More importantly, it should not be incumbent upon community organizers and activists to solve species-wide social problems when they receive no support or compensation for doing their best to save their communities, or humanity at large. And it should not be on the ghosts of robber barons past, through foundations that bear names like Ford and Carnegie, to solely save the world from the social ills created by today’s tech giants. Nor should tech billionaires like Mark Zuckerberg be able to position rapid-prototyping of solutionism — as happened with the Newark school system — as a way to shelter revenue from taxation.
Where does this leave us? As with the New Deal, we need both a carrot and a stick to manage the direction of technology investment. The GDPR suggests a viable if flawed regulatory stick for all internet-based technologies; the carrot is harder to define. The CRA shows us that even well-meaning legislation can create unintended consequences based in bending legislative controls to serve short-term shareholder interests.
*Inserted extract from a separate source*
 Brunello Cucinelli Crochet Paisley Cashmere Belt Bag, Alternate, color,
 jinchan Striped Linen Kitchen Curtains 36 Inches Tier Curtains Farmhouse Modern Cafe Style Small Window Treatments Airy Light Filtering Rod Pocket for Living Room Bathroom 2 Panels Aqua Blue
Fundamentally, the problem is that elites and tech billionaires do not think that the massive social and environmental costs of technological advance will touch them. The future for the 1% may include private security, private islands, walls, and safe rooms, to divide them from the rabble, for awhile. But how long does that buy even the most elite when global supply chains break down, when coastal cities become intertidal and real estate markets collapse? Five years, a decade, a generation? Certainly not long enough for anybody’s grandchildren.
The carrot has to be survival, and we have to measure success against a radically different set of priorities designed around our children’s futures — all of them. Are we up to measuring the returns on investment against the real stakes?